I wanted to ask Martina a few questions, but she interrupted me at the onset.
“I didn’t ask you to tell me what you have seen. I asked you to tell me all that you know of me.”
I had to be honest. And I was when I replied, “nothing”.
With a crooked smile and a deep breath, Martina began the most interesting story anyone has ever told me.
“You must never repeat what I am about to tell you. Not to your mother, not to your father. If you do, no one will believe what you say, but they will never forget it either. And it will come back to haunt you. If you haven’t learned by now, this year of your life was not by accident. Your exposure to these people here, at the retreat, the ones you refer to as your Ministers, is by my hand, and it is all for you. If you heed these lessons the others have taught you, you will still fail in life. Yes, young lady, even armed as such, you will fail. You will fail early and you will fail often. As dismal as I currently sound, there are two saving graces I have yet to bestow upon you. The first is, while you will fail, you are the only person qualified to try. Great leaders have great expectations thrust upon them. The man who sweeps the streets never has a chance to save the world. The dog-catcher cannot win a war. Only the right person in the right place, at the right time, can. You must be that leader. You must be ready.”
Martina needed another deep breath to continue speaking. Ironically, after what I just heard, I needed to start breathing to continue listening.
“I speak of two saving graces. The first I left somewhat cryptic. The second, I shall make crystal clear. Whenever you do acquire a position of leadership, use the trappings of the office and the associated power to accomplish the goals you see best.
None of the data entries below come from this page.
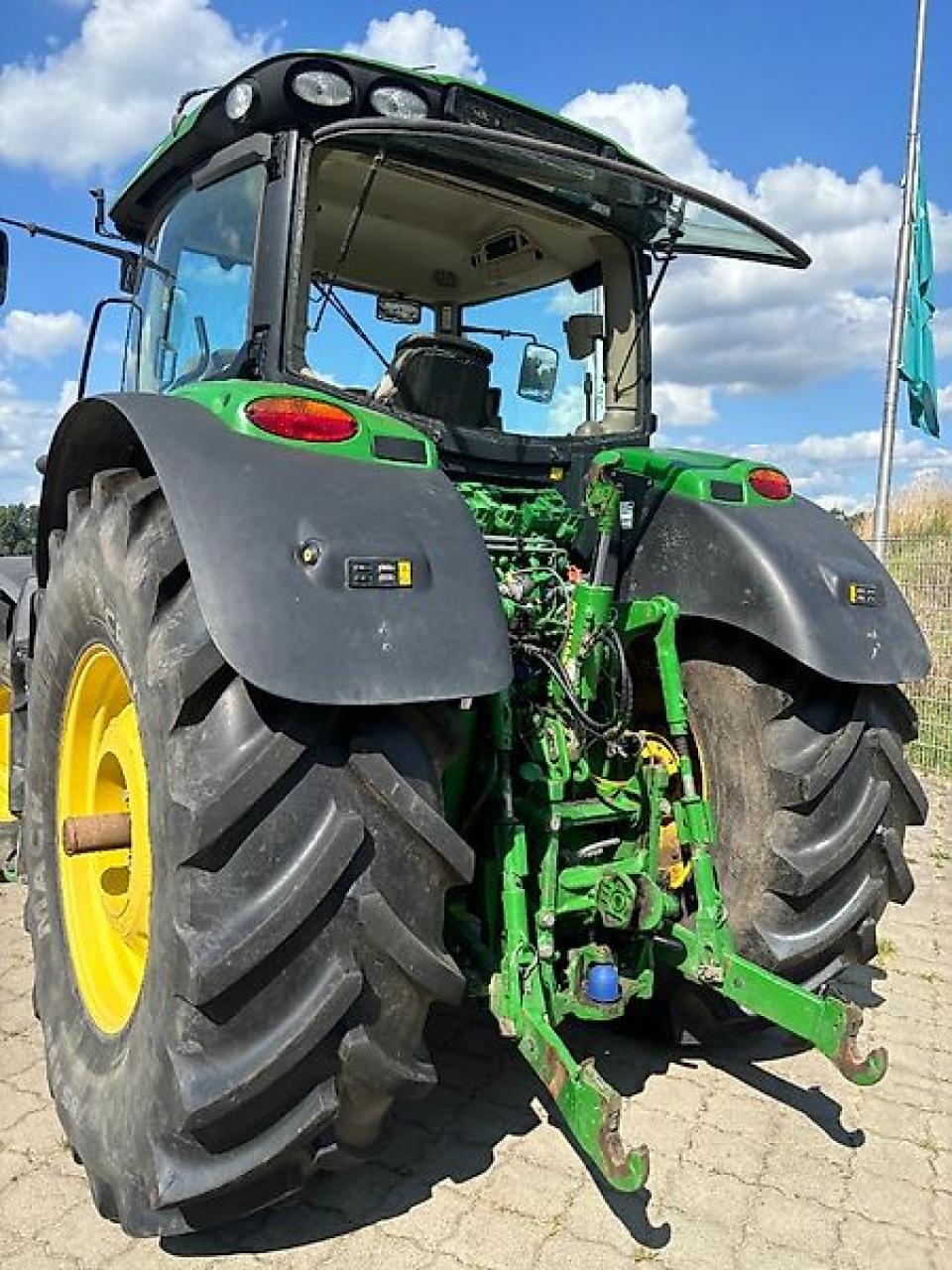 John Deere 6215R Rear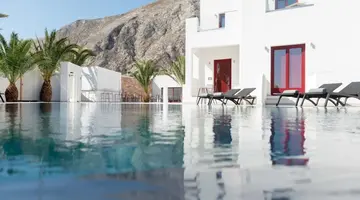 Mar N Mar Crown Santorini Hotel and Suites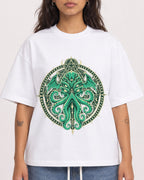 Mockup Boxy Heavyweight Tee White female close-up 06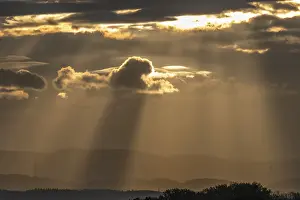Contemplative Morning Moment Drucke: Light rays of the sun's rays through clouds in the morning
I said you will fail both early and often. I did not say you would fail always. The purpose of power is to use it. The purpose of leadership is to know when to use it and then, how much to use. Power is like fire. Too much and the bearer frequently is the one who gets burned (emphasis on Martina examining her own hands). Too little and the common man will sell all he holds dear for both the small amount of light and warmth his costly purchase provided. This is how freedom is lost. This is how slaves are made.”
When she finished, she did not permit the opportunity to ask questions. She asked me to load her bags in the same van in which she arrived. Martina explained she had a plane to catch and was glad she met me. Somewhat astonished at the brevity and peculiarity of her conversation, I acquiesced and wheeled her to the van to find the same priest at the wheel and my mother in my previous seat. Taking a subtle hint was all I required to depart. I said goodbye to Martina. She did not look at me or return the words.
In the van, Martina did conduct a brief conversation with my mother once the driver arrived at the real destination of a secluded cemetery on Calle Ocho (aka 8th Street). I listened to this from a taped recording, given to me, upon my mother’s death. The final priest (the driver) from the retreat forwarded the tape.
Martina – “This will be the last time we ever see each other like this again.”
Mother – “Do you believe you have made enough of an impact to make a difference?”
Martina – “I am looking at my feet and see that I have all ten toes and most of my teeth have returned.”
Mother – “Your father and I will shelter you, I mean her, as best we can. Your instructions were very clear as to what will come. Could you provide some more information? Maybe names and dates? It would prove most helpful.”
Martina – “Mama, you know I love you. It was all I could do not to burst into tears upon seeing Papa or myself yesterday. But the mere fact I am here tells me I have already changed the future for the better. I think I have corrected enough of my mistakes before I can make them. As of now, I am unsure about only one thing.”
Mother – “The radiation burns on your hands and face?”
Martina – “Yes, the radiation burns have not healed or subsided and I am out of time. Please Mama, watch what I say and who I say it to. Make sure I start learning Farsi this year. Make sure I am fluent. Constantly quiz me about what I should know. PLEASE make me remember today. Don’t allow me to fail again, preventing the crimes and horrors of tomorrow for I will not get another chance. There may not be anyone left to try the guilty.”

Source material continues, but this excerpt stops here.